Reading English literature from the postcolonial world can help to shed further light on the ways in which narrative, genre and metaphor are implicated in Britain’s colonial history. It is no accident that Jane Eyre compares herself to a slave and a “suttee” [sic] in Charlotte Brontë’s eponymous novel.

Yet, as Spivak suggested, it is only by reading this novel in conjunction with Jean Rhys’ 1966 novel Wide Sargasso Sea that one can begin to identify the ways in which Jane’s narrative of upward social mobility is made possible by the spoils of empire. One of the striking achievements of Rhys’ prose was to evoke a Caribbean landscape and history that resisted the authority of the English language and called into question civilising myths of British imperial culture.
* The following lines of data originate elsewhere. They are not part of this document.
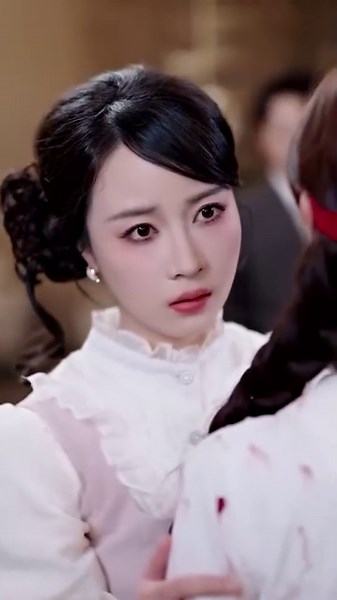 My Ghost Returned To Destroy My Family | Full HD Chinese Drama | Mega Short Drama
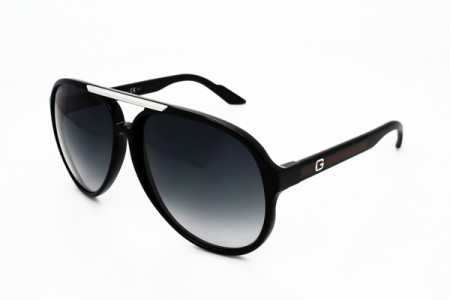 001Gucci GG 1627/S Q20B8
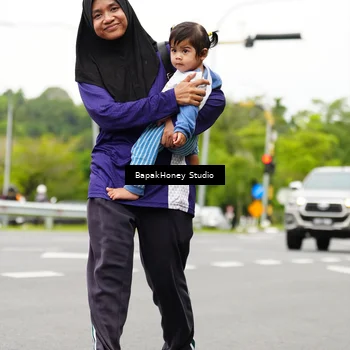 Runner Photo 9108661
In a similar vein, the Nigerian writer Chinua Achebe used the formal conventions of narrative prose in novels such as Things Fall Apart and Arrow of God to register the complex society and history of Igbo life. He did so in a way that encourages readers to question the cultural stereotypes of African cultures that circulate in 19th century English literary texts such as H. Rider Haggard’s She or Joseph Conrad’s Heart of Darkness (a text which Achebe famously criticised).

Secondary school students, their parents, and most of all their teachers understand very well that a national English literature syllabus has always been shaped by the political agendas and interests of the powerful. What is perhaps less clear is the way in which reading literature should be both a critical and a worldly activity: one that encourages readers to think about literary texts in imaginative ways that speak truth to power.